Geez, Skipper, of course it can be. You just posted a long argument on the DD about how you can use reason to construct ethics without faith and here you are unable to distinguish between a religiously prohibited vice and visceral aversion to the handicapped. There isn't one person out of a thousand on the street who wouldn't see that difference instantly, both categorically and compassionately.

However, if you posited a blind women with a guide pig, that would one to give the sages migraines.

Hey Skipper said...

Peter:

They are both religiously prohibited.

So, tell me, how, using a faith based argument, do you distinguish between the two?

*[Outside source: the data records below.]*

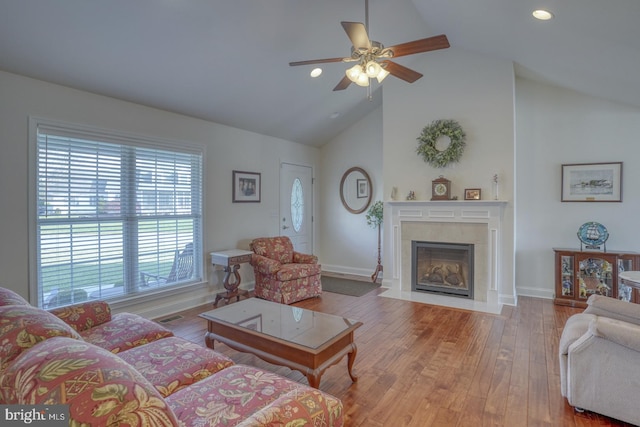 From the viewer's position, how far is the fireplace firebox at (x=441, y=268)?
488 cm

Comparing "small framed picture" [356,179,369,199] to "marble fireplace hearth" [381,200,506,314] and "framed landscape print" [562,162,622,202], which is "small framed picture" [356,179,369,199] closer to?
"marble fireplace hearth" [381,200,506,314]

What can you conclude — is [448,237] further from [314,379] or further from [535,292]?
[314,379]

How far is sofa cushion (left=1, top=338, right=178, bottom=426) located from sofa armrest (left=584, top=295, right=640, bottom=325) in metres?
2.81

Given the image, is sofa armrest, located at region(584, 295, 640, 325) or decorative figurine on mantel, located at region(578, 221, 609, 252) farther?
decorative figurine on mantel, located at region(578, 221, 609, 252)

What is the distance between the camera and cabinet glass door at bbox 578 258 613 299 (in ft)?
13.9

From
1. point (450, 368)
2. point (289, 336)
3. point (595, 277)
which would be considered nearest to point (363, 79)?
point (289, 336)

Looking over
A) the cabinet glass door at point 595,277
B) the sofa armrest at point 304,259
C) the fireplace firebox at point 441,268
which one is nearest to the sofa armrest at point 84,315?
the sofa armrest at point 304,259

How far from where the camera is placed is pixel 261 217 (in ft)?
18.5

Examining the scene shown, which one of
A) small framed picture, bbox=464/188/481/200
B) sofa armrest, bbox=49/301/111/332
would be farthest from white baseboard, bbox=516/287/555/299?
sofa armrest, bbox=49/301/111/332

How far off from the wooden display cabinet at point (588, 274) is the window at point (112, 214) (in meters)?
4.92

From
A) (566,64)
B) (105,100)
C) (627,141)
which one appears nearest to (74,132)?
(105,100)

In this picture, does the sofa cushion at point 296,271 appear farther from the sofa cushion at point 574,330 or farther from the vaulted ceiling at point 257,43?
the sofa cushion at point 574,330

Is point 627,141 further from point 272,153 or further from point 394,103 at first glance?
point 272,153

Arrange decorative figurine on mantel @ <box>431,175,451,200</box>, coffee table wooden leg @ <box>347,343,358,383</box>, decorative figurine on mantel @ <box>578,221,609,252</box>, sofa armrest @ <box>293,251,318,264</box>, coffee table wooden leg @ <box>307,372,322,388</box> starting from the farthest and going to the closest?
1. sofa armrest @ <box>293,251,318,264</box>
2. decorative figurine on mantel @ <box>431,175,451,200</box>
3. decorative figurine on mantel @ <box>578,221,609,252</box>
4. coffee table wooden leg @ <box>347,343,358,383</box>
5. coffee table wooden leg @ <box>307,372,322,388</box> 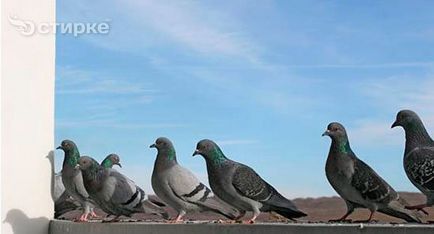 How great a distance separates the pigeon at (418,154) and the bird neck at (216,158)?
3.28 ft

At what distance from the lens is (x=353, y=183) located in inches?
162

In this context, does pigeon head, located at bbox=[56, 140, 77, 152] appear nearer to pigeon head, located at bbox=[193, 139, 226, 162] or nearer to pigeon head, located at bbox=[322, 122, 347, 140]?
pigeon head, located at bbox=[193, 139, 226, 162]

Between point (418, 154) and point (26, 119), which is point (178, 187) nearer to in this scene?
point (26, 119)

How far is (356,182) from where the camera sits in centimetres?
411

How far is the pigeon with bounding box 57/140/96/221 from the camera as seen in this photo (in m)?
5.29

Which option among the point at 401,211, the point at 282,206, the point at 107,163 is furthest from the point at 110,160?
the point at 401,211

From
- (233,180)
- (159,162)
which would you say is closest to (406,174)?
(233,180)

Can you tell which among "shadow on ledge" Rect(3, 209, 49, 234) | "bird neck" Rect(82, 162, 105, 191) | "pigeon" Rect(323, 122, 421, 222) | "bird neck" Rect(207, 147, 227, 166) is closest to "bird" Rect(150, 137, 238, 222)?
"bird neck" Rect(207, 147, 227, 166)

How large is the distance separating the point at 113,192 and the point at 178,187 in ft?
1.88

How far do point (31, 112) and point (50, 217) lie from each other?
2.41 feet

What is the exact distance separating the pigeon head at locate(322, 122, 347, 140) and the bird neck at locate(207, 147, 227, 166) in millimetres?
637

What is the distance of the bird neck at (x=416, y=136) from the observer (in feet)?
13.1

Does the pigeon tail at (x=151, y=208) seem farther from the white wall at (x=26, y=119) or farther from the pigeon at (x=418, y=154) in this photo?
the pigeon at (x=418, y=154)

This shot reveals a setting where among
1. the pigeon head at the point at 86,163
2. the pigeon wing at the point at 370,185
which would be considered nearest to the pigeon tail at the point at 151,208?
the pigeon head at the point at 86,163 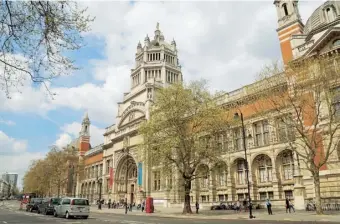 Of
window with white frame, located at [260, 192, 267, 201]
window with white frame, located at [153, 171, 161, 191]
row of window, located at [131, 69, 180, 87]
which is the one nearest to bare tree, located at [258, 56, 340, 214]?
window with white frame, located at [260, 192, 267, 201]

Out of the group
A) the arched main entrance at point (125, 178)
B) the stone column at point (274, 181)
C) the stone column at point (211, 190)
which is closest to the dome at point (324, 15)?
the stone column at point (274, 181)

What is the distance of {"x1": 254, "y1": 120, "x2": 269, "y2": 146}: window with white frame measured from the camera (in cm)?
3756

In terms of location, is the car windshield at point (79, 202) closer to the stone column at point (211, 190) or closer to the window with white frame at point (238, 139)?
the stone column at point (211, 190)

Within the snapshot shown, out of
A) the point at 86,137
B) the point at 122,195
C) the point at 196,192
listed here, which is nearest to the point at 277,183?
the point at 196,192

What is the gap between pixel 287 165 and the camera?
35.2 metres

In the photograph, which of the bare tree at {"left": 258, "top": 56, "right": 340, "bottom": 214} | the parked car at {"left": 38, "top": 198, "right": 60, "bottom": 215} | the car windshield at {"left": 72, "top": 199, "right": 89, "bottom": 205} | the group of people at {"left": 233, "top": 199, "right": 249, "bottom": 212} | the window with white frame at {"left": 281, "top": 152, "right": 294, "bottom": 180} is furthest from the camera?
the window with white frame at {"left": 281, "top": 152, "right": 294, "bottom": 180}

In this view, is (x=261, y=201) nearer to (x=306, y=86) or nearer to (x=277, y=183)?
(x=277, y=183)

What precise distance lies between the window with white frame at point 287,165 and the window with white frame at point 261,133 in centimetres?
274

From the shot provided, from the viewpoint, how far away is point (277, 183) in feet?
113

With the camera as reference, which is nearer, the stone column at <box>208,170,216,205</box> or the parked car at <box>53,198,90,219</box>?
the parked car at <box>53,198,90,219</box>

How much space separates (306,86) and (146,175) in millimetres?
35442

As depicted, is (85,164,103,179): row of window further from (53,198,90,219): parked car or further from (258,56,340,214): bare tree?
(258,56,340,214): bare tree

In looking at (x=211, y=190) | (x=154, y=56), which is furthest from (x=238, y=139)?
(x=154, y=56)

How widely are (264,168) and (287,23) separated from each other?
19.4 m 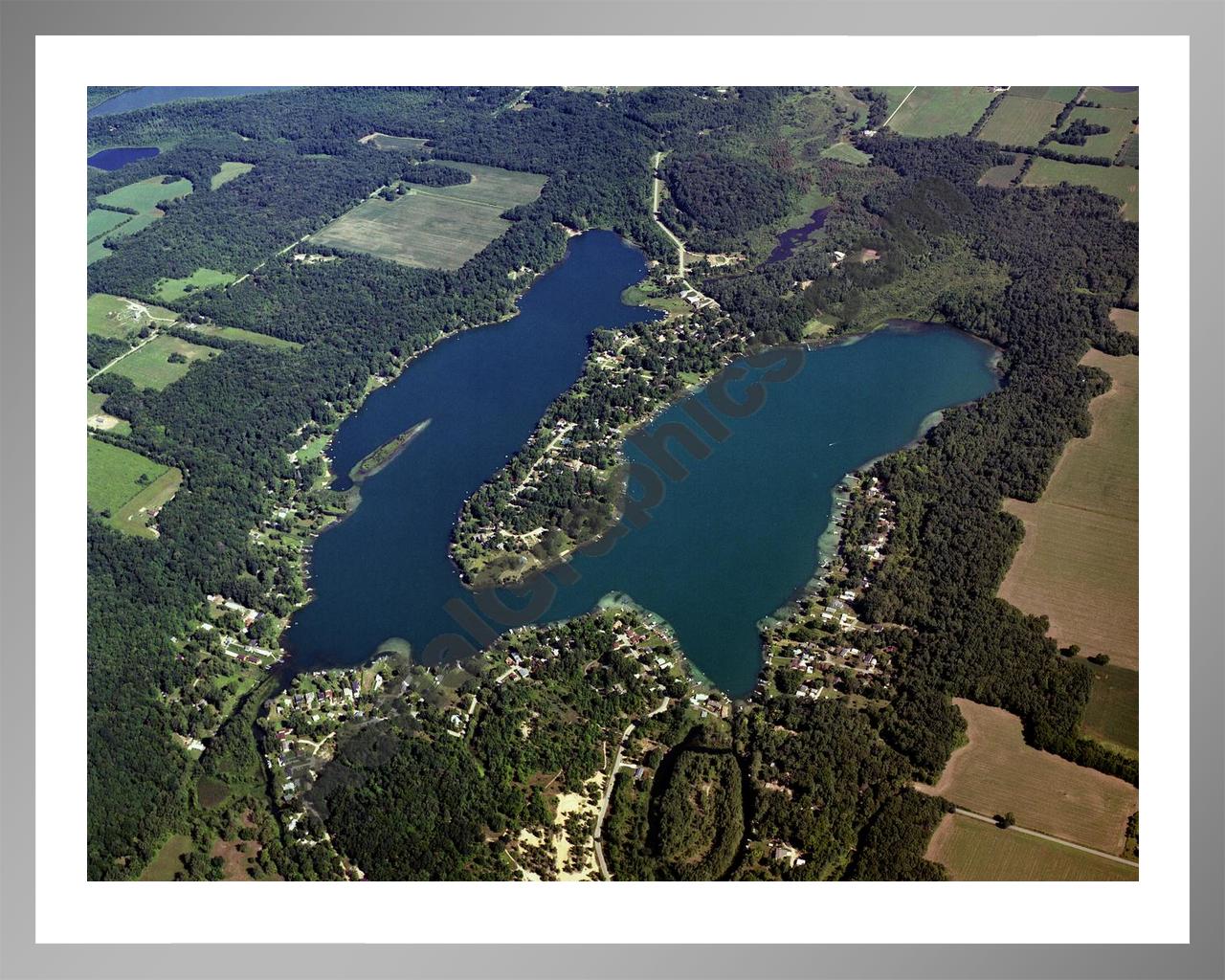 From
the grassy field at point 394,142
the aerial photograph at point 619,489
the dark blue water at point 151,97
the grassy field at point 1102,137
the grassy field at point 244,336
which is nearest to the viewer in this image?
the aerial photograph at point 619,489

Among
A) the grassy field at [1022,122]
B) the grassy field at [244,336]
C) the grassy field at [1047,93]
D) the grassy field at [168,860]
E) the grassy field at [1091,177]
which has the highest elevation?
Result: the grassy field at [1047,93]

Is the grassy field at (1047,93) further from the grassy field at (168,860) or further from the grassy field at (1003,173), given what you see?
the grassy field at (168,860)

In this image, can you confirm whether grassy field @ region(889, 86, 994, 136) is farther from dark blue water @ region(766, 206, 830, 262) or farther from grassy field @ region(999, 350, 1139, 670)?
grassy field @ region(999, 350, 1139, 670)

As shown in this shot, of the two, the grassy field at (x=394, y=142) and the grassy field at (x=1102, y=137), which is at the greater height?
the grassy field at (x=394, y=142)

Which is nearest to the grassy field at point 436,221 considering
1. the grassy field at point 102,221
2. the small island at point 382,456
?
the grassy field at point 102,221

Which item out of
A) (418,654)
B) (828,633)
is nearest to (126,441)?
(418,654)

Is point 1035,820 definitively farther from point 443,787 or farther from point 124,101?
point 124,101

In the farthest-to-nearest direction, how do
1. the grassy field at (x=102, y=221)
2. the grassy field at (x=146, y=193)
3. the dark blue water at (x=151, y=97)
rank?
1. the dark blue water at (x=151, y=97)
2. the grassy field at (x=146, y=193)
3. the grassy field at (x=102, y=221)

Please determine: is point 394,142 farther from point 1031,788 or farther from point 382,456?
point 1031,788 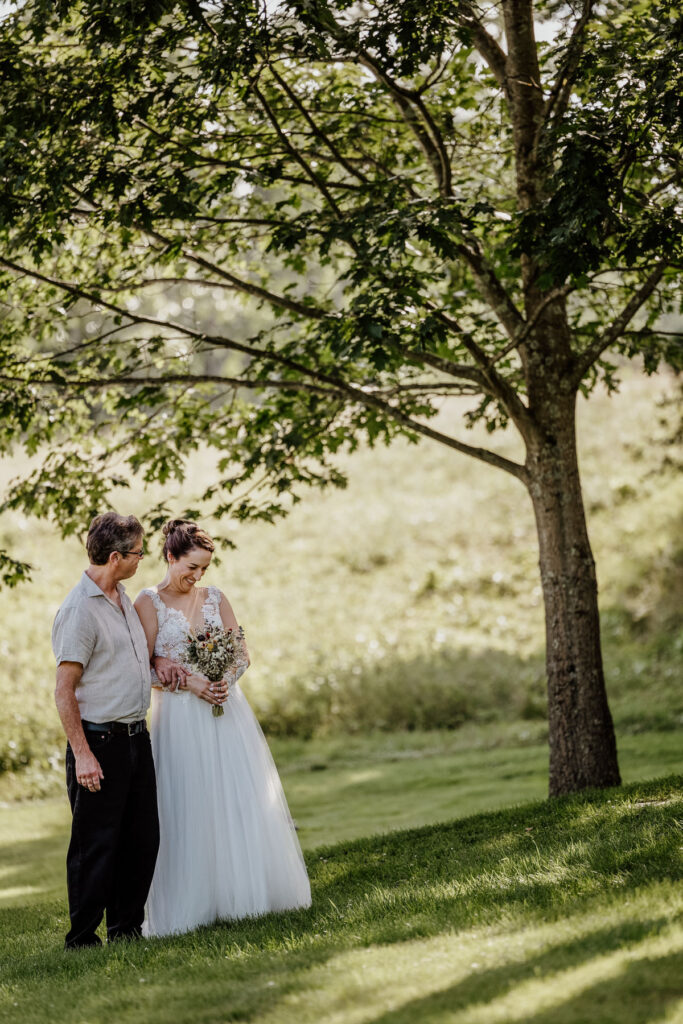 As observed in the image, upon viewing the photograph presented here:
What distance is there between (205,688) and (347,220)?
10.5 feet

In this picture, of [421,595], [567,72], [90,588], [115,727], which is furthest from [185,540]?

And why does the cabbie get to impose his religion upon a passenger?

If you go there, then you open the door to any non-Muslim cabbie to decline to transport Muslims, due to some distaste for a religion happy with forced conversion.

Anonymous said...

I guess you got me, Skipper. I've been trying to google the Vatican sites to find the part about taxi regulations in their statements on interfaith diologue, but I've drawn a blank.

Only you would see this as imposing a religion on you. Tell us, do you demand glasses of milk with your smoked meat in kosher delis?

Can you link us to the authority for the proposition that Islam prohibits guide dogs?

Unknown said...

OK, so I read the actual story. These are closed containers that passengers pick up at the duty free shop. I was under the impression that people had open containers in the cab.

This from Volokh:
"The observant drivers object only to transporting openly displayed alcohol, said Ali Culed, a Somali Muslim who's been driving an airport cab for eight years. They won't search passengers or quiz them about what's in their bags."

This is a problem that can very easily be solved. I'm curious as to the passengers that are calling cabs with armfuls of liquor bottles. How often does this happen? How much booze are these people hauling in from duty free? Can't they find a convenient way to stow their purchases?

I never understood the whole duty free appeal. How much do you save, and who drinks that much to make saving on duties an economic concern?

Hey Skipper said...

Peter:

Here's your link.

I have a religious prohibition against carrying those whose religion requires them to kill me.

Do I get to bump them off my plane?

If not, why not?

After all, in the realm of objective morality, it would seem to this blinkered materialist that questions of murder rather outweigh those of vintage.

You just posted a long argument on the DD about how you can use reason to construct ethics without faith ...

Either I was even more than usually incoherent, or you completely missed the boat.

I'm going to go with the second option, as I am pretty sure the word "ethics" doesn't make an appearance.